The thesis is classified into 5 chapters, the outline of the thesis can composed as follow;

Chapter 2 summarizes literature review of PD measurement device. The PD detection methods and disadvantages are described. The definition, design and working principle are discussed.

5

Chapter 3 describes the methodology used to conduct the project. This chapter explains the project flow and the test method to determine PD. This chapter describes how the RC is constructed and how the amplifier circuit is designed.

Chapter 4 presents the actual PD signal and RC measurement signals for different PD magnitude. Analysis is made in this chapter to find out the linearity and sensitivity of this detection sensor. A brief discussion is made on the RC measurements.

Chapter 5 concludes the thesis work and the recommendation for future work addressed.

6

CHAPTER 2

LITERATURE REVIEW

2.1 Introduction

This chapter review on the PD detection methods. The review includes the definition, the geometrical parameters and electrical equivalent circuit of RC. This chapter ends with the summary literature review.

2.2 Partial Discharge

The failures caused due to electrical insulation are one of the reasons of unexpected disruption in power systems and associated electrical machines and power cables. In general, the power generation, transmission and distribution are stated to be the most expensive electrical assets in high voltage power systems, which are subjected to numerous electrical, thermal, environmental and mechanical stresses [8].

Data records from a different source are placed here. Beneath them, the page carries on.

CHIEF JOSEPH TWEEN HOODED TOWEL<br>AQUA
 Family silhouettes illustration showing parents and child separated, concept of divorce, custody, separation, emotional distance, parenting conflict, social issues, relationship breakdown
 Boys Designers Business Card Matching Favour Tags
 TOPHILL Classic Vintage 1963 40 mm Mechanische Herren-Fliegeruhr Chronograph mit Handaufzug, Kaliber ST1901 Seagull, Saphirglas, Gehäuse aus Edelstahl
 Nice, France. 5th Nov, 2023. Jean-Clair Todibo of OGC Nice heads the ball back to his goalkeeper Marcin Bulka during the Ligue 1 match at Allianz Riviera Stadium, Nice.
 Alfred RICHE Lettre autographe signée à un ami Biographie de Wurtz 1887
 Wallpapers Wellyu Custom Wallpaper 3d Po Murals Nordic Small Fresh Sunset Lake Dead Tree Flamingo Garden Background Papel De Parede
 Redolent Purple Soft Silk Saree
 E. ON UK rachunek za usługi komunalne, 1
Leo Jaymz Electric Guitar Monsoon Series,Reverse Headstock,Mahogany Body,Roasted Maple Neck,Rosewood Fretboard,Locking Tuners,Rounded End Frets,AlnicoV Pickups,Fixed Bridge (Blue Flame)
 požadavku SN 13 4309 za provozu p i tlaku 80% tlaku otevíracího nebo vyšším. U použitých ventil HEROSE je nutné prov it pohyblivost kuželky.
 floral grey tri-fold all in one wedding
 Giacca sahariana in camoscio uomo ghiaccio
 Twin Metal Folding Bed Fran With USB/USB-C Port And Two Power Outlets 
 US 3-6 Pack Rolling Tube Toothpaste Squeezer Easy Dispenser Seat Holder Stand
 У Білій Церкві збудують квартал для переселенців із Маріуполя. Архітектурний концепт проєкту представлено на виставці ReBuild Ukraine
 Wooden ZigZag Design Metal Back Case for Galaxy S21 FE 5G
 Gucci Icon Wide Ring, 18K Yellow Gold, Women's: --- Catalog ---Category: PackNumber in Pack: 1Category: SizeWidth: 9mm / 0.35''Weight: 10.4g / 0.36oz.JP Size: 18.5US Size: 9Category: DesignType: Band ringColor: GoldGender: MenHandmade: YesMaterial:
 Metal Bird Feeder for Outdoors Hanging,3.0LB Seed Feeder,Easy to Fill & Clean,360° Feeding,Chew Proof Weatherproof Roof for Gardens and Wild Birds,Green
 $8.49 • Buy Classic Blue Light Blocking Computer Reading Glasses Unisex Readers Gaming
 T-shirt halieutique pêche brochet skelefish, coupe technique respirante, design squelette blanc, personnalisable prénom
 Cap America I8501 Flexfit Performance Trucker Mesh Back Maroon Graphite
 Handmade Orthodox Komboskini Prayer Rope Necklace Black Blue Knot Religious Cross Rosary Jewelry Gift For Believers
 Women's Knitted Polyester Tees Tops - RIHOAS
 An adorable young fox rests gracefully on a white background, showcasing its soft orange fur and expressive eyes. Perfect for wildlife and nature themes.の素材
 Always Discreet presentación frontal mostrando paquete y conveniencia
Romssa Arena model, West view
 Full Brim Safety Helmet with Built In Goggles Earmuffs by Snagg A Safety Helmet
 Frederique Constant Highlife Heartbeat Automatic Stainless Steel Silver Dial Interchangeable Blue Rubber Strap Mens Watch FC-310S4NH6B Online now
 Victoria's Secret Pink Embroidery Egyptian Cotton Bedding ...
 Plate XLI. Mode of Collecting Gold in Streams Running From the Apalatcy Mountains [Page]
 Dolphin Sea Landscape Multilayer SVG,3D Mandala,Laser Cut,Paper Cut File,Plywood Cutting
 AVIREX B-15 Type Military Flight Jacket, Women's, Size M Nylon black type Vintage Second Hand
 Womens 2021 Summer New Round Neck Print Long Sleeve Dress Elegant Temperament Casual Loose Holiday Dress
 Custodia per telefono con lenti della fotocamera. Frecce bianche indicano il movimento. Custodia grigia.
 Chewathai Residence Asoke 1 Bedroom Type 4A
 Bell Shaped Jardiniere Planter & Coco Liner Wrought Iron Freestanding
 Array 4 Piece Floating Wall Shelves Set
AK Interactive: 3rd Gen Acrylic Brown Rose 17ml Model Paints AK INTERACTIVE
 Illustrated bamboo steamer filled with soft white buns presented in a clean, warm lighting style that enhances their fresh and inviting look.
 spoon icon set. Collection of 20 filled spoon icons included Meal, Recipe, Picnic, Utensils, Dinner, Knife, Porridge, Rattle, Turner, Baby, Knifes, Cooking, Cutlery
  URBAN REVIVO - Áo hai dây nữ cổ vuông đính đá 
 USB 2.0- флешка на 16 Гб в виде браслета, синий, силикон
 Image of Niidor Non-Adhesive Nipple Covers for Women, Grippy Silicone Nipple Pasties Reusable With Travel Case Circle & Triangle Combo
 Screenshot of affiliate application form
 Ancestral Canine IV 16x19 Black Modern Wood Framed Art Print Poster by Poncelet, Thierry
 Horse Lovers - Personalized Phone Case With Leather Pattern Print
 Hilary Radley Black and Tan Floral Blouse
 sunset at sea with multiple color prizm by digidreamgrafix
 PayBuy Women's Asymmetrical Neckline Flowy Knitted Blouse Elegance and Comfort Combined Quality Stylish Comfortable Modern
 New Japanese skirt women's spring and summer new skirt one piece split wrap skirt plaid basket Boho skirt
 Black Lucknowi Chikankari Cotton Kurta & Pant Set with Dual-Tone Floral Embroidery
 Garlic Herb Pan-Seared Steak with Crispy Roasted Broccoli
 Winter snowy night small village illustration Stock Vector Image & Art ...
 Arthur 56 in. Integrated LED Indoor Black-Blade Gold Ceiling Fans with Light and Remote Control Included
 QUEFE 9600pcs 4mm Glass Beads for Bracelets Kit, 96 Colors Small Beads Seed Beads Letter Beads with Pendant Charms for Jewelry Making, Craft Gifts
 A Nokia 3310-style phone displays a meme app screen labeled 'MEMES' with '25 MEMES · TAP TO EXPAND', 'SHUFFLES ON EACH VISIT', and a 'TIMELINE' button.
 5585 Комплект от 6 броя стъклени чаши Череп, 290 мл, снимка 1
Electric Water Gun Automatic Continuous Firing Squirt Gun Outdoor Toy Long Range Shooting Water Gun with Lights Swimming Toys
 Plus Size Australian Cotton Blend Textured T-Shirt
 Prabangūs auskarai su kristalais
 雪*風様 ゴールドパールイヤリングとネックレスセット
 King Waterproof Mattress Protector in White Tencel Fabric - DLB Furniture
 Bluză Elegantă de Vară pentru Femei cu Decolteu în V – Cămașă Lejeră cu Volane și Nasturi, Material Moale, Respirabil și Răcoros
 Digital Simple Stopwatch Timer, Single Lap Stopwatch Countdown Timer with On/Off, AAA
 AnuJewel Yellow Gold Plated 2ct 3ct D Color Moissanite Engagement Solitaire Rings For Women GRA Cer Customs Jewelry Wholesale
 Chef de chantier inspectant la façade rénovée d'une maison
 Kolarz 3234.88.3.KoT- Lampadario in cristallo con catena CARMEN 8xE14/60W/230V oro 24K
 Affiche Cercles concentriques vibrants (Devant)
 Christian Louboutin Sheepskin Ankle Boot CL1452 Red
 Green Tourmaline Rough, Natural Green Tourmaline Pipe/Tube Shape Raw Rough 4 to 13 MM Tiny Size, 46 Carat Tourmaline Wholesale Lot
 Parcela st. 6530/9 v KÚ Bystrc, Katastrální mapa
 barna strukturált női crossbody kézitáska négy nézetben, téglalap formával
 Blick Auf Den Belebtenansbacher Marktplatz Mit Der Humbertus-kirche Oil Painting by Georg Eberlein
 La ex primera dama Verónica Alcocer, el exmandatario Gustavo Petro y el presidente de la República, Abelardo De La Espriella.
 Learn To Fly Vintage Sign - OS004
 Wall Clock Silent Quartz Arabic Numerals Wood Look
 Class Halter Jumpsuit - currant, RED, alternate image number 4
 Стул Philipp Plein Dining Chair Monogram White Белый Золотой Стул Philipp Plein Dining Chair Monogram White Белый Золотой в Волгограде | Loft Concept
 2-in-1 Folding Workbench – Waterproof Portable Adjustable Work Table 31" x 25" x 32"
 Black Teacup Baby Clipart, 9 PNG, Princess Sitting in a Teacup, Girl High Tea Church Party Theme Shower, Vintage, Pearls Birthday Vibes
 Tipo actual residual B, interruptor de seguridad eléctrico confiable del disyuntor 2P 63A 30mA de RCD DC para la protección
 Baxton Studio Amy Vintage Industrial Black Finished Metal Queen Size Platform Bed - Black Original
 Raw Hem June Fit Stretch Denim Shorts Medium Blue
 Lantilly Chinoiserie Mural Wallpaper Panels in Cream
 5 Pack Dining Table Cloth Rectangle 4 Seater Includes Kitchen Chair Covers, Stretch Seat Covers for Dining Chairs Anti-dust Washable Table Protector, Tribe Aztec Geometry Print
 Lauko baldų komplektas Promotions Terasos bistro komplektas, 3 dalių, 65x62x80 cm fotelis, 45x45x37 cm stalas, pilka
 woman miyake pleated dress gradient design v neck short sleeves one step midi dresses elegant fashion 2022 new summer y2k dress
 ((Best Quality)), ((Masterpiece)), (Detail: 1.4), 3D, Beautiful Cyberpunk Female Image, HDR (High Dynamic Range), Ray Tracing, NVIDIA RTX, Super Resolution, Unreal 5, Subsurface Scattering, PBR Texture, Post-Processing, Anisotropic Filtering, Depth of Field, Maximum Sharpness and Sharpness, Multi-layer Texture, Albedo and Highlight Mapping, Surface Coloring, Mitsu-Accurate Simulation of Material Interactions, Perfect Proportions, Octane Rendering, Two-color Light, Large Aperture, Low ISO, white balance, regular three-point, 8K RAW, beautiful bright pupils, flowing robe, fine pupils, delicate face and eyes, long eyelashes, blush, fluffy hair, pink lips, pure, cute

The PD issues are a common cause leading to power system failure. PD can be stated as an electrical discharge or pulse generated in a dielectric solid surface or liquid insulation system. PD occurs when insulation containing defects or voids is subject to high voltages. If left untreated PD can degrade insulation until insulation failure occurs.

7 2.3 Partial Discharge Detection

PD detection system is a system that can detect and display PD signals for better reliability. This system can work in many ways with various types of detection methods.

The PD emitted energy as electromagnetic emission, acoustic emission and ozone and nitrous oxide gases. PD signals can be detected by using these emitted energies [9].

The first stage is the pre-breakdown operation, starting with slow damage of the insulation followed by further insulation degradation with time. Second one is a post- breakdown condition when the complete failure of the insulation occurs, and the component is damaged beyond recovery. If an upcoming fault can be detected during the pre-breakdown operation, the faulty component could be repaired in advance, which would lead to significantly shorter power outage duration due to the faulty component.

Currently, there are two types of measurement techniques carried out to test if there are any faults along the CC line. They are on-line and off-line measurements. With the on-line measurement, the power line continues working as normal and no disruption of service is required. The methods currently available are using very high frequency (VHF) antennas, infrared sensors, acoustic, radiometric, capacitive coupling and Rogowski coil [10].

2.3.1 Acoustic Detection

The non-electric type measurement like acoustic emission method is often concerning localization of the PD origin. Acoustic detection, concentrates on the capturing and recording of an acoustic signal produced by a PD. The acoustic emission Methods can be very effectively used for the online PD Detection, since this method is immune to Electro-

8

magnetic noise, which can greatly reduce the sensitivity of electrical methods, especially when, applied under field conditions [11].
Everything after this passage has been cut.